[Captioned web image data]
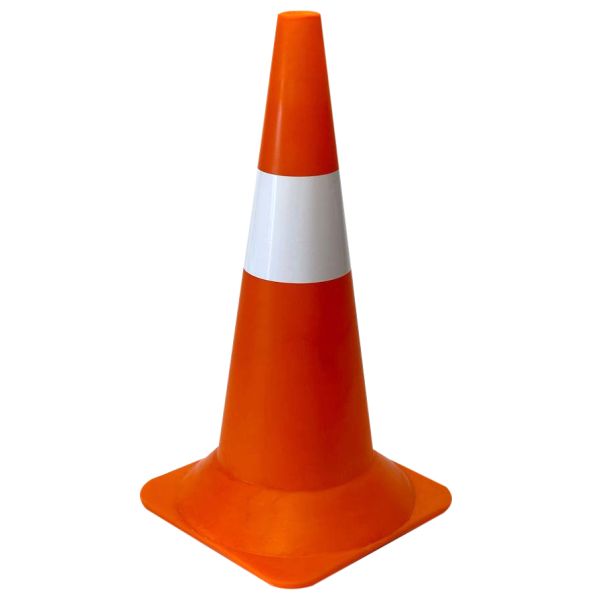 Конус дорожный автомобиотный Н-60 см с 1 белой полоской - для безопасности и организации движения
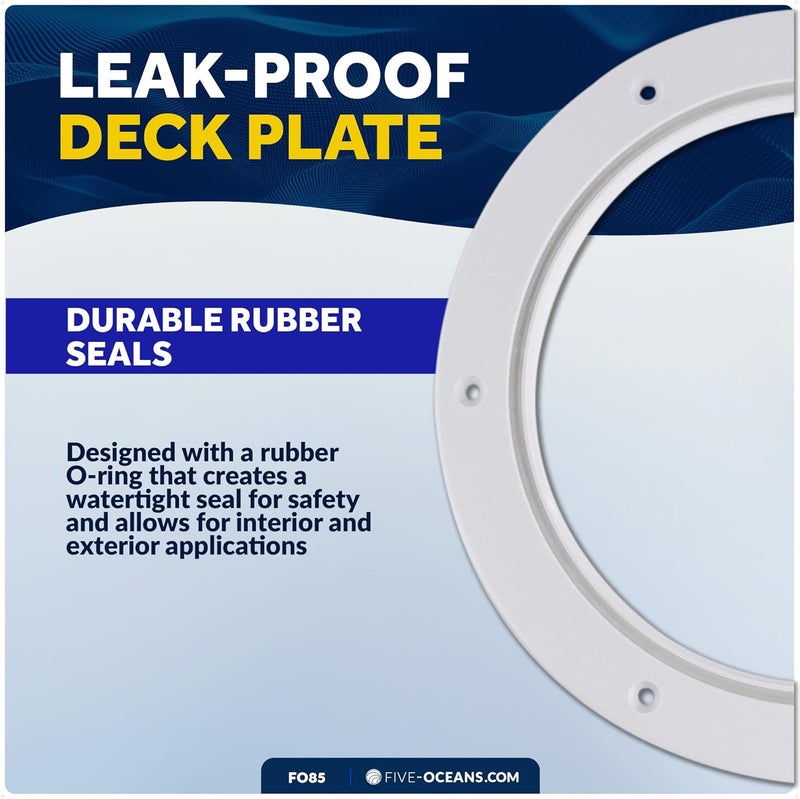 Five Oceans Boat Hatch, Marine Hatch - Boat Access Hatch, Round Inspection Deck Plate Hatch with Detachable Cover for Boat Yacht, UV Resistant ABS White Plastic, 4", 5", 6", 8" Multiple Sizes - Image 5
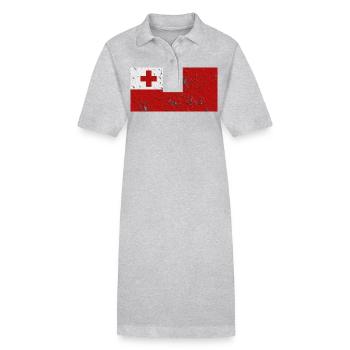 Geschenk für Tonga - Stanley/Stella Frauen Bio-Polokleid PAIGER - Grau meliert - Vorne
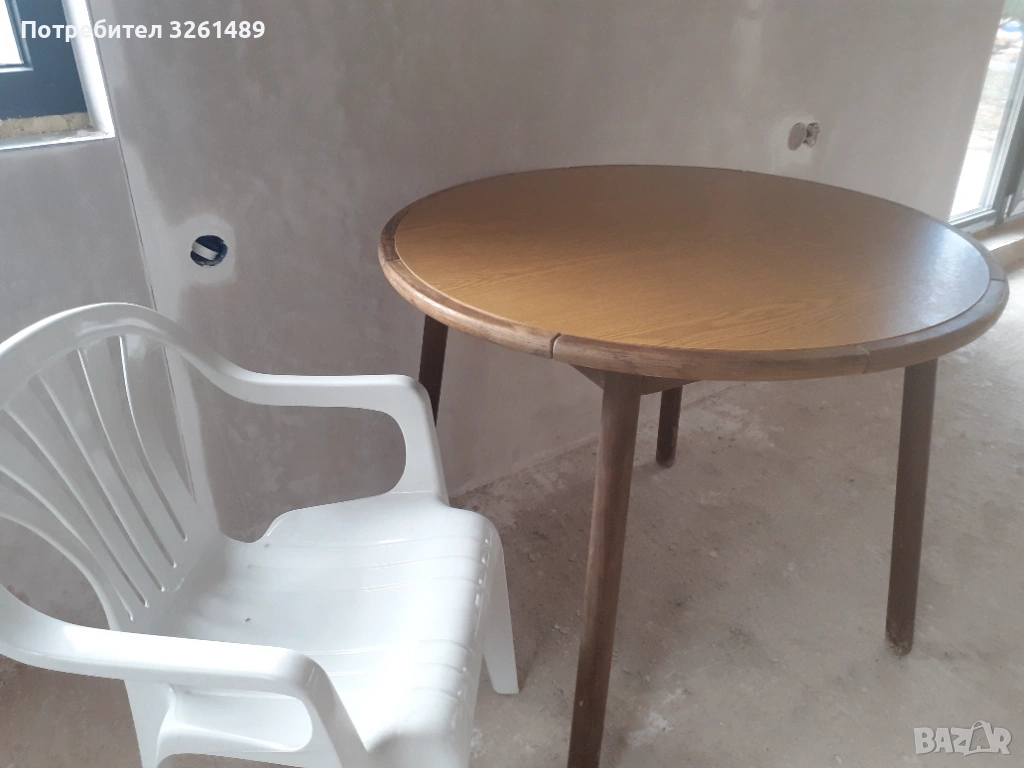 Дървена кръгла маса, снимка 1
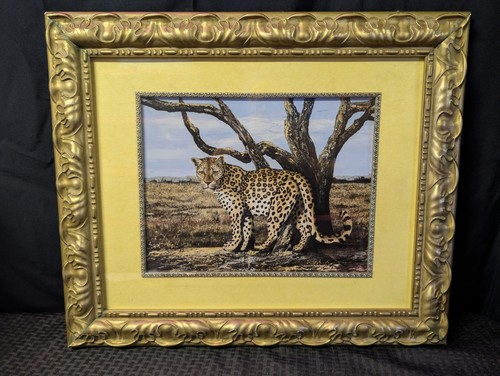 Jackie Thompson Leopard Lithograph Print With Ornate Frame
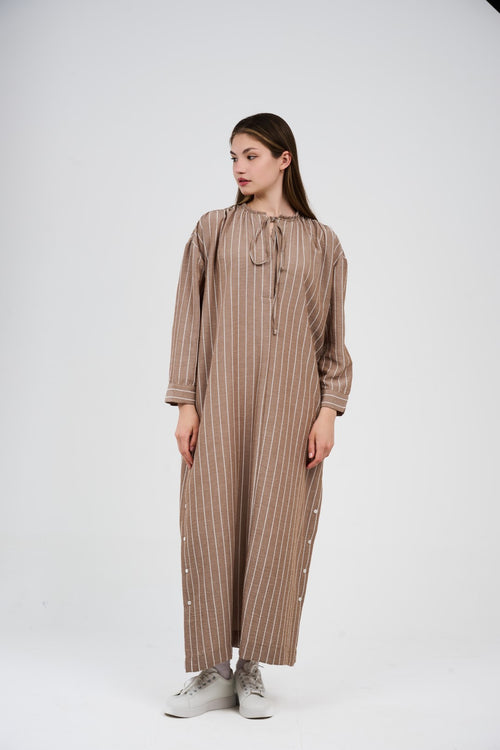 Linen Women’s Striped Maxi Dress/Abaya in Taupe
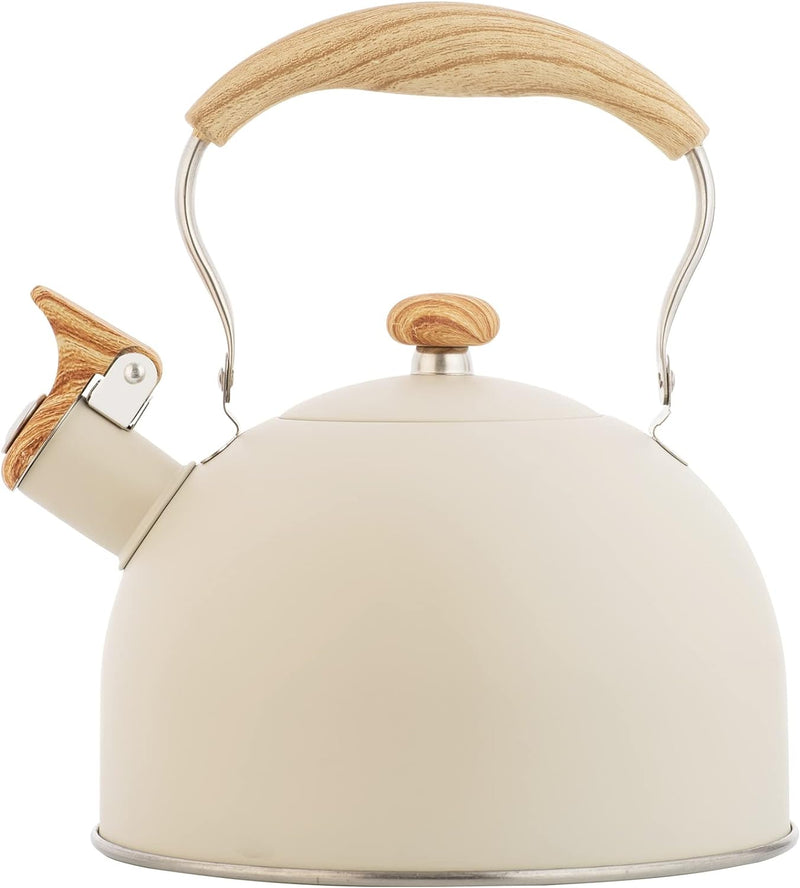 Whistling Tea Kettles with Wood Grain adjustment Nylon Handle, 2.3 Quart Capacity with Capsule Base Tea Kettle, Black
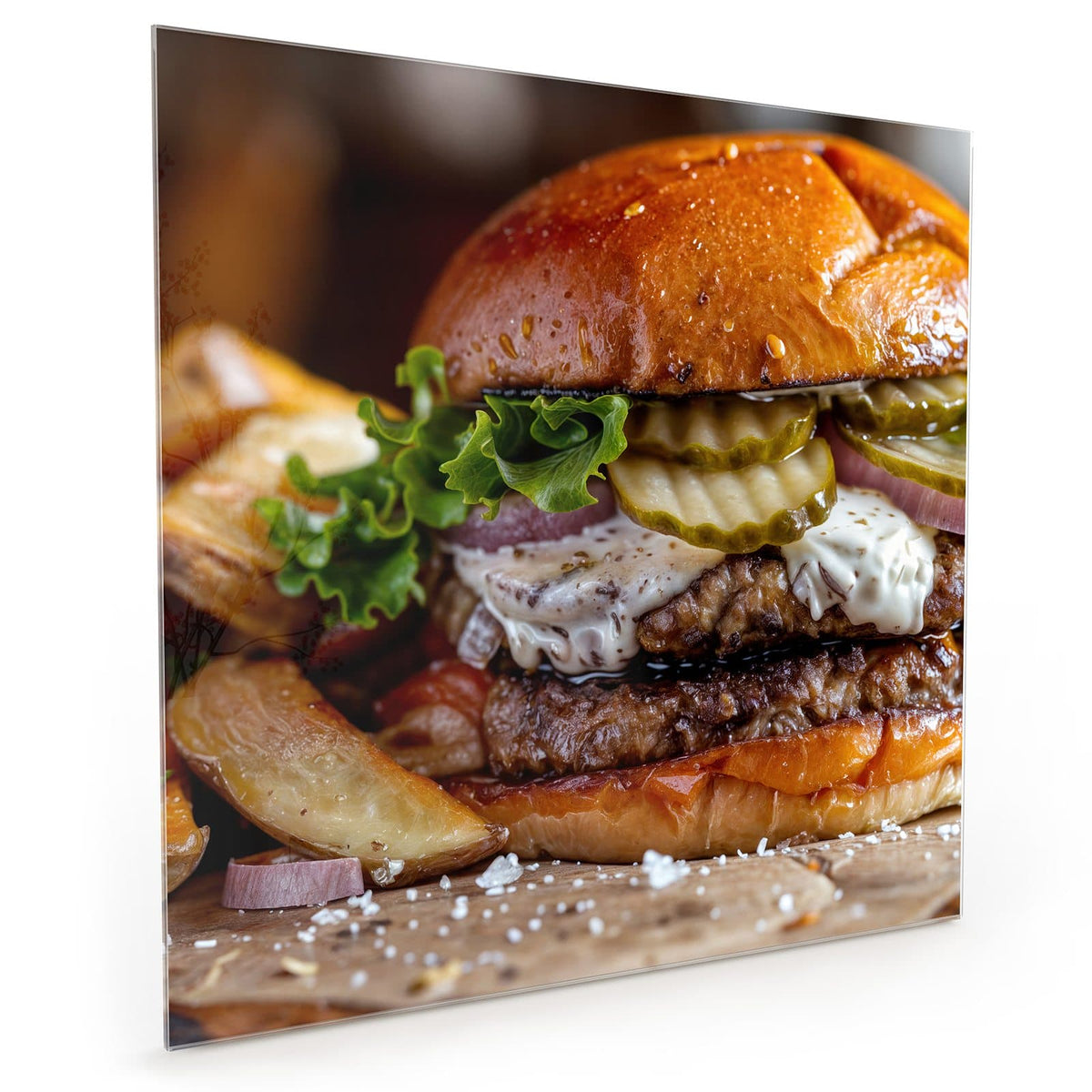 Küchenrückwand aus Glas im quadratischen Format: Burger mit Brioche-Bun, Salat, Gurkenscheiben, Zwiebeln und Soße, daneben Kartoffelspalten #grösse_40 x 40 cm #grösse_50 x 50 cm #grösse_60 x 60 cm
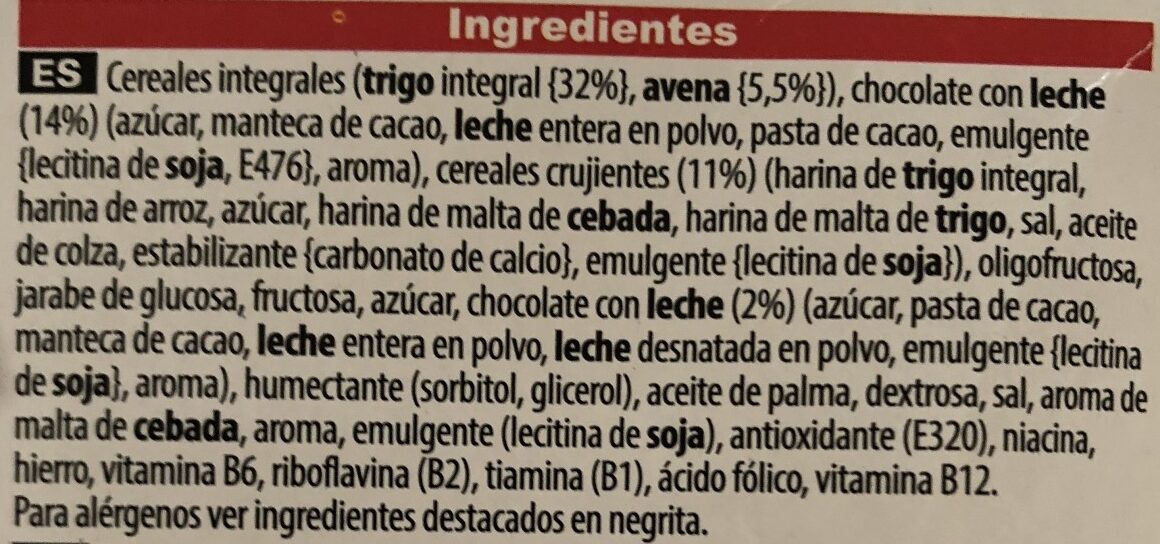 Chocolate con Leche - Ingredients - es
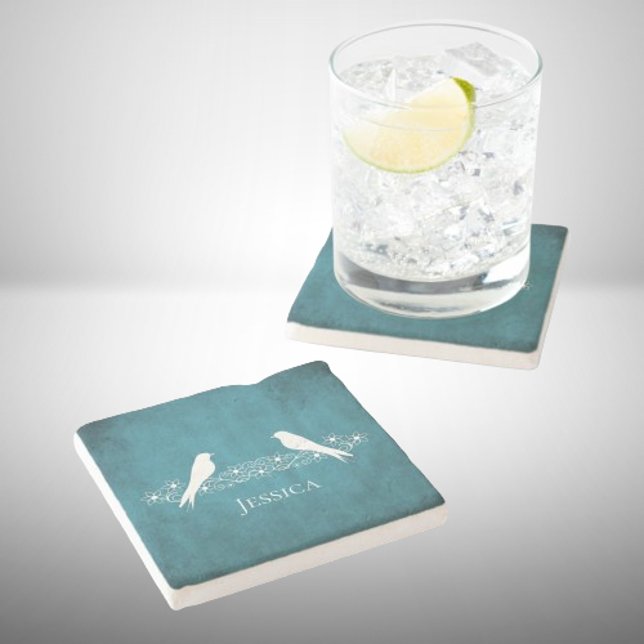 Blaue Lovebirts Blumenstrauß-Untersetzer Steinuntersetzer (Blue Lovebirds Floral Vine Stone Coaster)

**Task requirements**
Above are the records. Copy only the lines from the one with "Jackie Thompson Leopard" through the one with "Chocolate con Leche - Ingredients - es", exactly, with no pictures.

**Result of this task**
 Jackie Thompson Leopard Lithograph Print With Ornate Frame
 Linen Women’s Striped Maxi Dress/Abaya in Taupe
 Whistling Tea Kettles with Wood Grain adjustment Nylon Handle, 2.3 Quart Capacity with Capsule Base Tea Kettle, Black
 Küchenrückwand aus Glas im quadratischen Format: Burger mit Brioche-Bun, Salat, Gurkenscheiben, Zwiebeln und Soße, daneben Kartoffelspalten #grösse_40 x 40 cm #grösse_50 x 50 cm #grösse_60 x 60 cm
 Chocolate con Leche - Ingredients - es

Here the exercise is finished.